Whenever I had mentioned to someone that I was going up to Uncle Earl’s, to a person they had two immediate questions: What is a hog dog? And, what are hog dog trials? The first question was easy. Hog dogs, also called bay dogs, hunt wild hogs. More specifically, they chase them down and corner them—keep them “at bay”—until their owners arrive on the scene and decide whether or not they want to “take” the hog. The second question was more problematic, as I had never attended any hog dog trials. The answer I settled on was that they were kind of like a hog-and-dog rodeo, which seemed to satisfy everyone, and as it turned out was pretty close to the truth.

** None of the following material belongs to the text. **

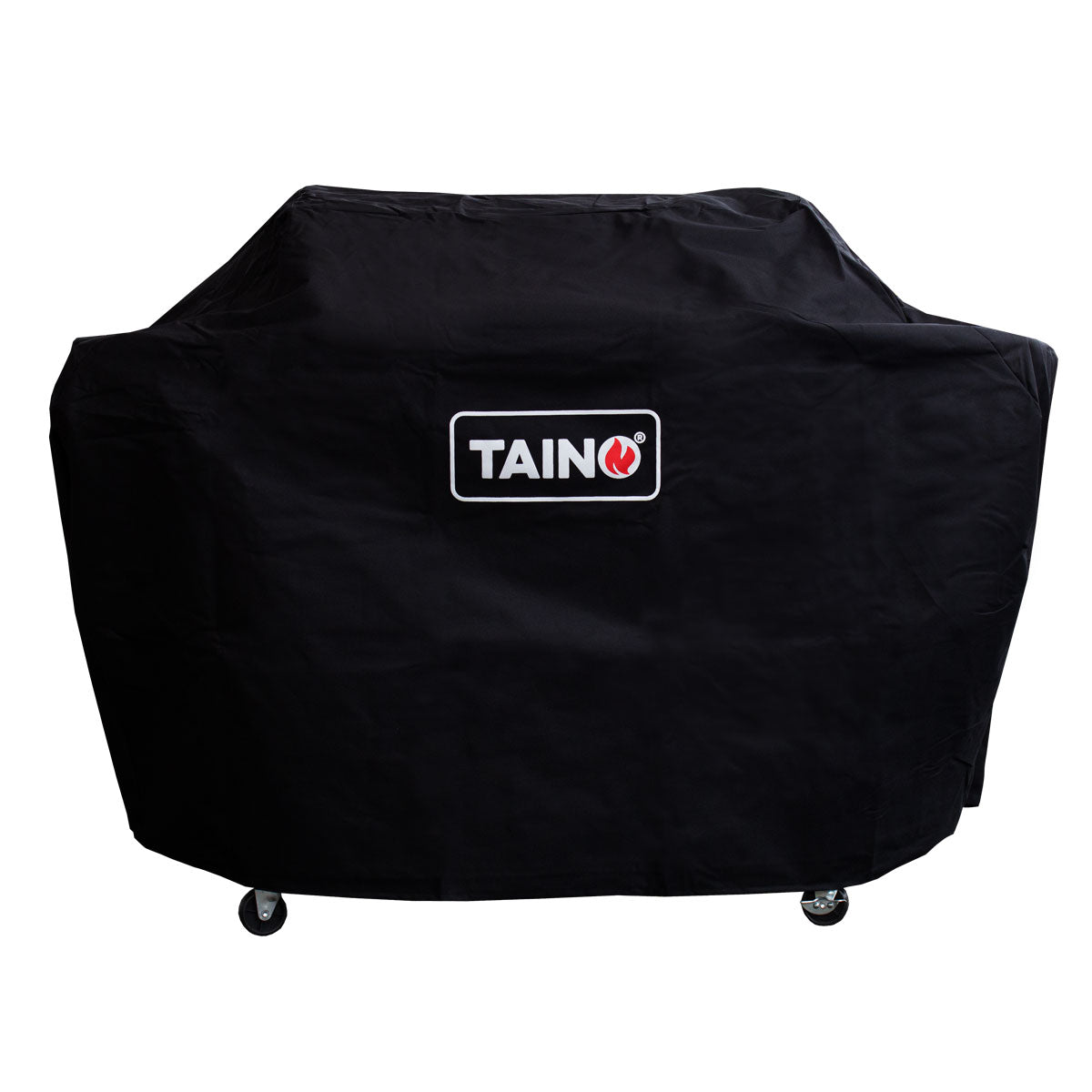 TAINO RED 6+1 Wetterfeste Grill Abdeckhaube - Universal verwendbar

The bay pen at Uncle Earl’s is a regulation rodeo arena that has been cut in half with a temporary fence that serves as the eastern boundary. Bleachers stand just outside the north and south fences. The hogs, captured in the wild by local hunters who use them for training their own dogs and for dog trials, are released into the bay pen, in their turn, through a large wooden gate in the middle of the western wall. Above this gate is a raised and covered platform where the five judges for the trials sit.

After the hog has had a little time to limber up, an owner brings his dog into the bay pen on a leash. When he or she releases it, the dog has two minutes to show its stuff before the timekeeper blows his whistle.

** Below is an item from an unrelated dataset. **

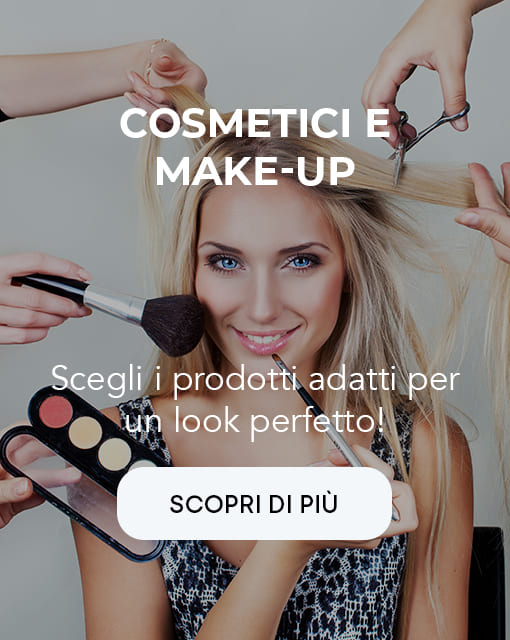 Prodotti per make-up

Of course, the hogs have a say in how good—or bad—a dog’s stuff adds up. Some hogs just sidle up to the fence, or head to a corner of the arena, and refuse to budge. Others are full of piss and vinegar, refusing to be cornered, charging again and again at the dogs, occasionally getting their snouts and tusks under a dog and tossing it into the air like a stuffed toy.

Judging bay dogs is a very complex thing, not something you pick up in a weekend, even with a knowledgeable mentor like Jimbo. The simplest explanation is that dogs are judged on how low they are to the ground when working the hog; their closeness to the hog; the constancy (the cadence) of their baying; their discipline and concentration; and most importantly, their ability to control and contain the hog without injuring it—if a dog bites a hog and holds on to it for longer than five seconds, it is disqualified, end of story, hit the showers, better luck next time.

Thirty points is a perfect score. (Don’t ask.)



Every dog that receives a perfect score in the prelims is eligible for the Best of the Best Bay Off. Owners pay a $200 entry fee that goes into a winner-take-all pot. Twenty-four dogs started the Bay Off, all of them damn fine hog dogs. Out of that 24 came 15. Out of 15, five moved to the next level. Three dogs, one out of Georgia and two from Texas, made the finals: Billy Long’s Bubba, Randall Wiggins’s Coushatta, and Robbie Nugent’s Useless.

Bubba was a four-time winner at Uncle Earl’s, but Jimbo and I had felt he was off his championship form all day. He didn’t do anything you could deduct points for, but he got a soft 30 on our scorecard for lack of intensity and swinging too wide as he worked the hog.

Jimbo was partial to Useless because his owner was a friend. The dog had been fantastic all day, but his bay for the gold was not his best performance. He got another soft 30 from us, but we gave him the edge over Bubba.

Coushatta, however, a feisty little mixed cur out of Texas, made such hairsplitting unnecessary, turning in a performance that a blind man would have known was perfect. He moved in on the hog immediately and went nose to nose with it, his chin practically touching the ground. His eyes never left the hog. His cadence was like a metronome, and his front paws stabbed the ground in perfect time with each bay. That hog tried over and over again to escape, but it could not move from the spot where Coushatta held it. The cur had it bayed solid. As good as it gets.

And yes, slobber was flying with every bay. You know it was. There was actually a terrible beauty to it, thin ropes of slobber hanging for a moment in midair, suspended in time, sparkling in the sunlight like a nimbus around the heads of dog and hog.